5. 可以通过JDBC来访问Hive，把Hive当作一个抽象的数据库。Thrift模块。

6. Hive的元数据存储在Derby SQL服务器上。生产机上要集成Mysql，支持多线程查询。

7. -S 只输出有用信息， -e 输入多行命令， -v 显示执行的命令 source命令执行文件脚本

8. hiverc文件提供了加载hive环境的初始化命令，比如设定用户，加入UDF函数定义的jar.

9. 查看目录/表的大小，分区表是以每个分区1个文件的方式存在，表是每个表1个文件。

hadoop fs -count -R /user/hive/warehouse/hduser02crs/hduser02crsdb.db/

hadoop fs -ls /user/hive/warehouse/hduser02crs/hduser02crsdb.db/rrs_grzx_bf_base_info_loan_single_mid/

数据文件：

-rwxr-xr-x 3 hduser02crs hadoop 49828 2015-04-27 19:22 /user/hive/warehouse/hduser02crs/hduser02crsdb.db/rrs_grzx_bf_base_info_loan_single_mid/ds=2015-05-09/000000_0

10. 创建外部表create external table, 指定location '/data/stock'

drop table ext_rrs_grzx_bf_base_info_loan_single_mid;

建中间表，非RCFILE，之后再导入到RCFILE表

CREATE TABLE ext_rrs_grzx_bf_base_info_loan_single_mid row format delimited fields terminated by '|' STORED AS TEXTFile AS select * from rrs_grzx_bf_base_info_loan_single_mid limit 1

drop table ext_rrs_grzx_bf_base_info_loan_single_mid;

create table if not exists ext_rrs_grzx_bf_base_info_loan_single_mid

like rrs_grzx_bf_base_info_loan_single_mid
row format delimited fields terminated by '|'

stored as textfile;

11. 性能安全的查询，把查询模式设置为strict，全分区扫描会被禁止。

set hive.mapred.mode=strict;

12. 从文件加载数据到分区，或者到表 (txt合适)

hive -e"load data local inpath '/tmp/loan.mid' overwrite into table rrs_grzx_bf_base_info_loan partition(ds='2013-05-09')"

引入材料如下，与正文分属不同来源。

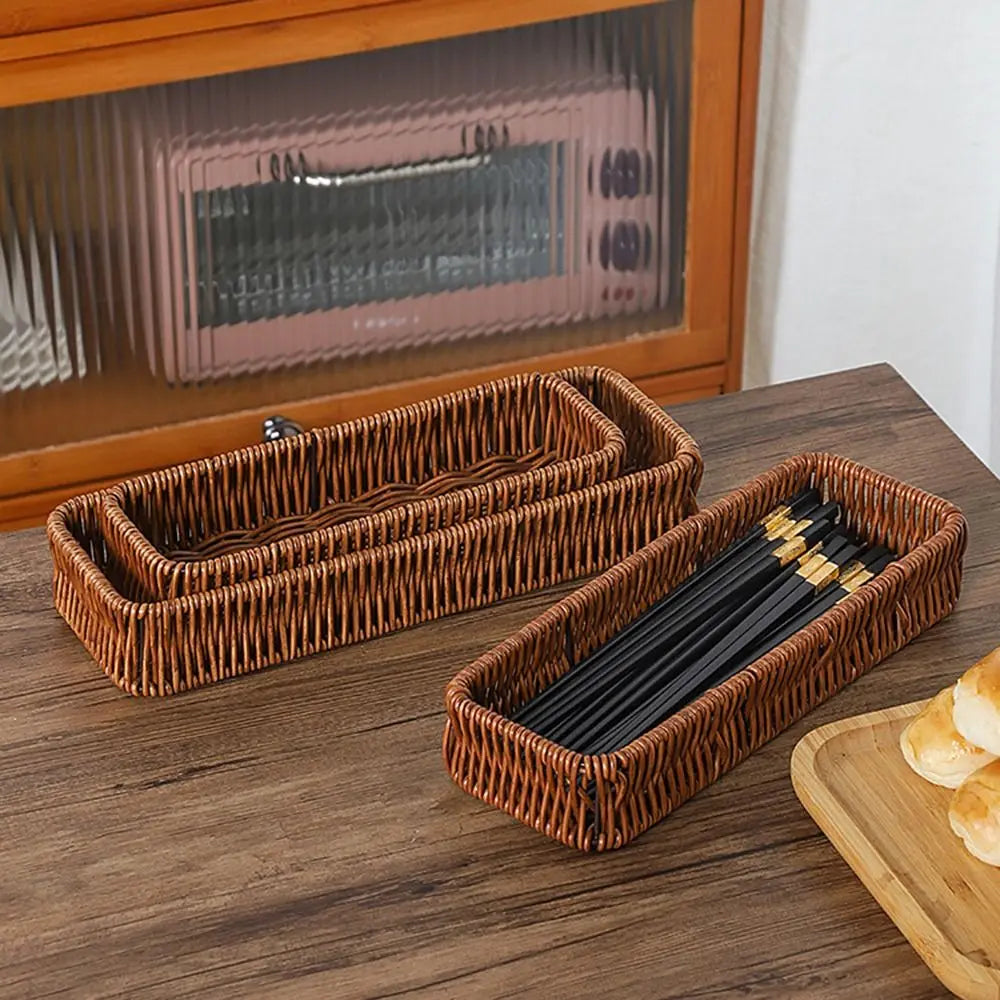 panier marron tressé traditionnel rangement décoration maison pique nique stockage fruits gâteaux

hive -e"load data local inpath '/tmp/single.mid' overwrite into table rrs_grzx_bf_base_info_loan_single_mid partition(ds='2013-05-09')"

13. 从表里面把数据下载到文件

hive -e"insert overwrite local directory '/tmp/loan.mid' select * from rrs_grzx_bf_base_info_loan where ds='2015-05-09'"

hive -e"insert overwrite local directory '/tmp/single.mid' select * from rrs_grzx_bf_base_info_loan_single_mid where ds='2015-05-09'"

14. Hive的执行计划：

从左到右启动mapreduce任务

如果所有表join都使用到相同的字段进行join, a.lending_ref，那么这些join会被优化到1个mapreduce里面

由于每次join都是需要缓存结果集，然后再次向右边join，所以，尽量把大表放在最右边。或者标记出来 select /*+STREAMTABLE(s)*/ 标记s为最大的表（Hive废弃了标识的方法，应该可以有效地动态判断）

15. 嵌套select的写法是最有效率的。在执行join前先分区过滤。

16. 在on子句里面不要添加过滤条件，这种条件在left join的时候是无效的， inner join才有效。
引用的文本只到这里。